The decline of manufacturing employment in the city hit the Puerto Ricans the worst, since so many of them w worked in this industry. All the other immigrants were able to rise up the economic ladder by starting off where the Puerto Ricans did, but now it was not possible. Structural limitations in employment and promotion opportunities froze the Puerto Ricans in a “permanent condition of semipoverty.”
Public discourse states that Puerto Rican immigration, not labor market instability or excess low-income housing, caused the reemergence of the slum. They blamed Puerto Ricans for the rise in juvenile delinquency rates and decided that the city should make efforts to discourage any further migration of Puerto Ricans.
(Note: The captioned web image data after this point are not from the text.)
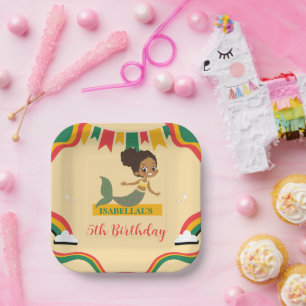 Plato De Papel Chicas afro-sirenas afroamericanos Cumpleaños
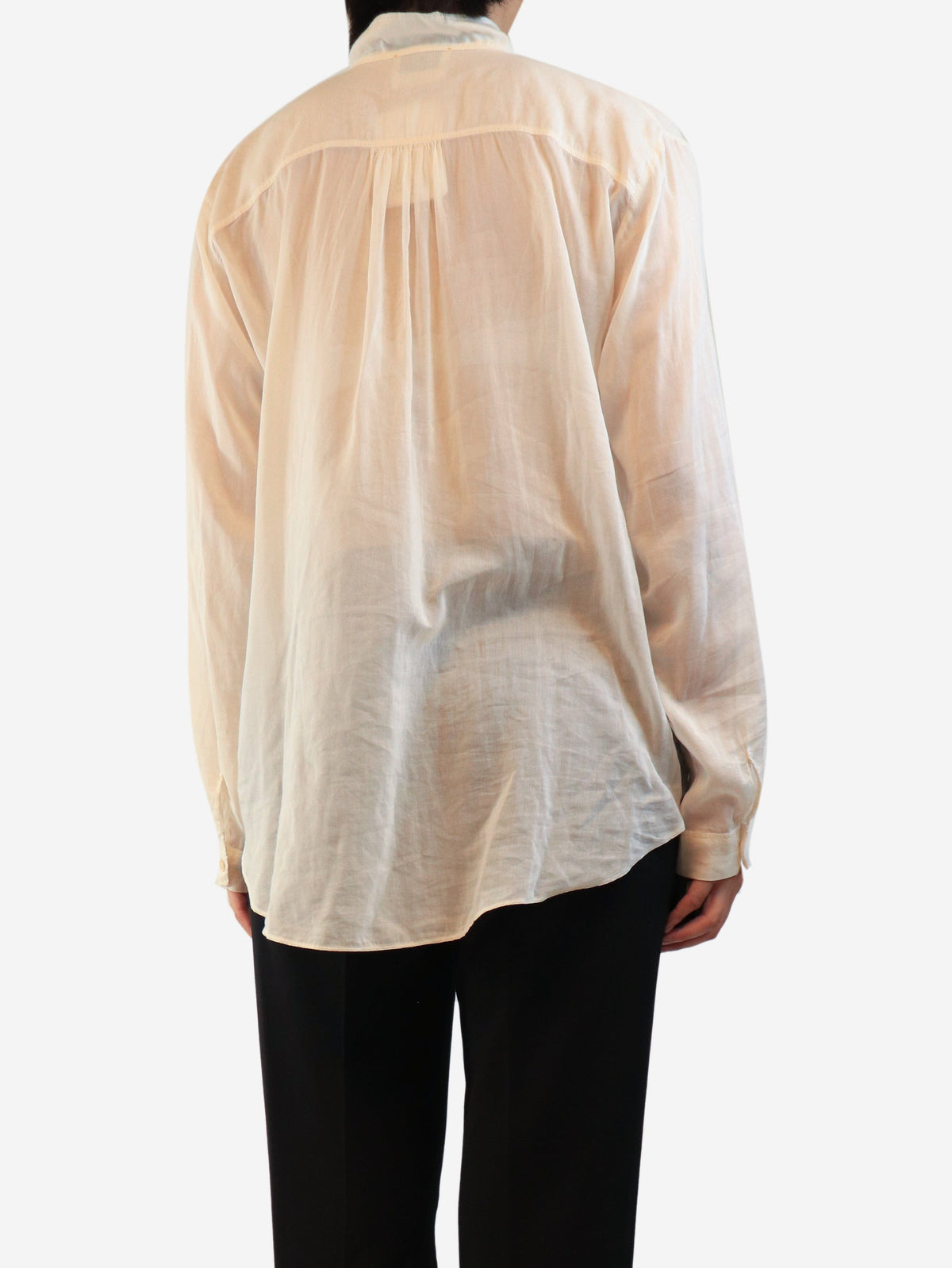 Cream sheer cotton-blend blouse - size UK 10 Tops Forte Forte 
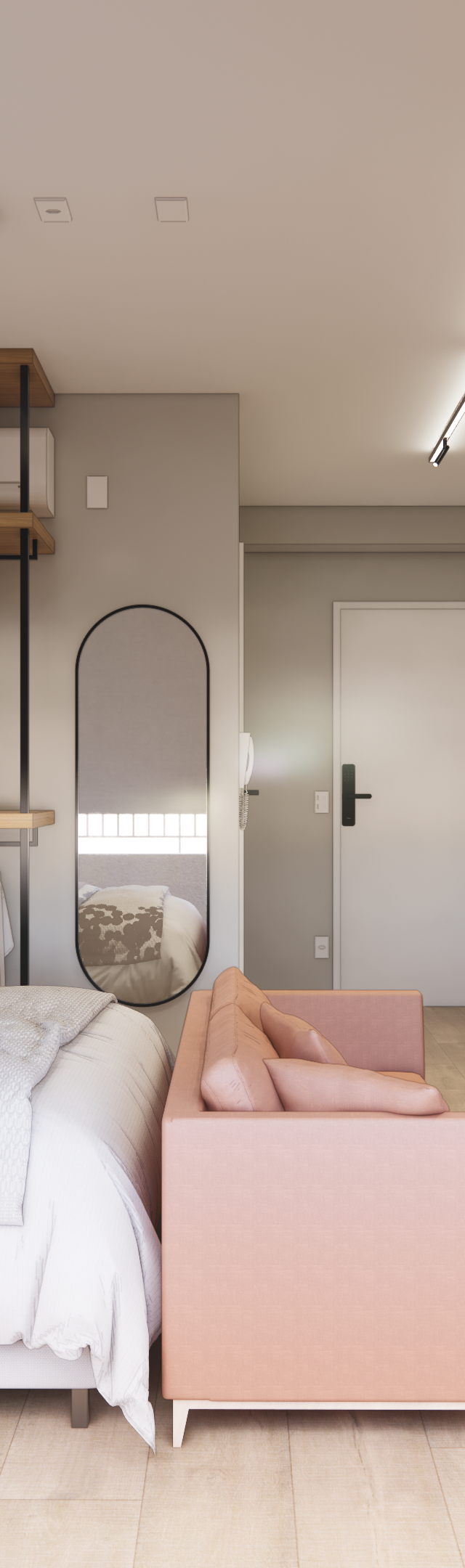 Render 3D de estúdio no Modern Campo Belo com cama, sofá rosa, marcenaria em madeira e tons neutros, iluminação indireta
All of this seems greatly unfair to me. Why were all of these blames thrown on Puerto Ricans? They were only one of the many groups of immigrants to come to New York, but New York apparently harvested a great hatred for these people. “The overcrowding, the filth, and the decaying physical environment, and juvenile crime, gang rumbles, drug abuse, and other deviant behaviors were rarely conceptualized as the possible consequences of exploitative housing conditions or structural conditions of poverty. Instead, a wide range of social problems and deviant behaviors were uncritically coupled to the slum and the character traits (or flaws) of its residents” (Mele 130). The worst part is that the Puerto Ricans were not even given a chance to rise up the ladder that all the prior immigrants had climbed. They were thrown off the ladder after they reached the first rung. If they were given a chance, they would have risen up and taken skilled jobs, moved to middle-class neighborhoods, and assimilated into the culture. However, city departments blamed the Puerto Ricans for all the things gone wrong, including the reemergence of the slum. Moses bore a significant detestation for them since he was the one trying to redevelop working-class and residential districts. He made it so that Puerto Ricans were kicked out of their homes and neighborhoods to redevelop the apartments, and when the immigrants came back, the apartments were way out of their price range. I find all of these things done by the officials and departments of New York to be wrong because the Puerto Ricans didn’t deserve any of the blame. They were the ones who came here when factories and workplaces needed workers following the war. They helped New York in its time of need, but New York didn’t help them.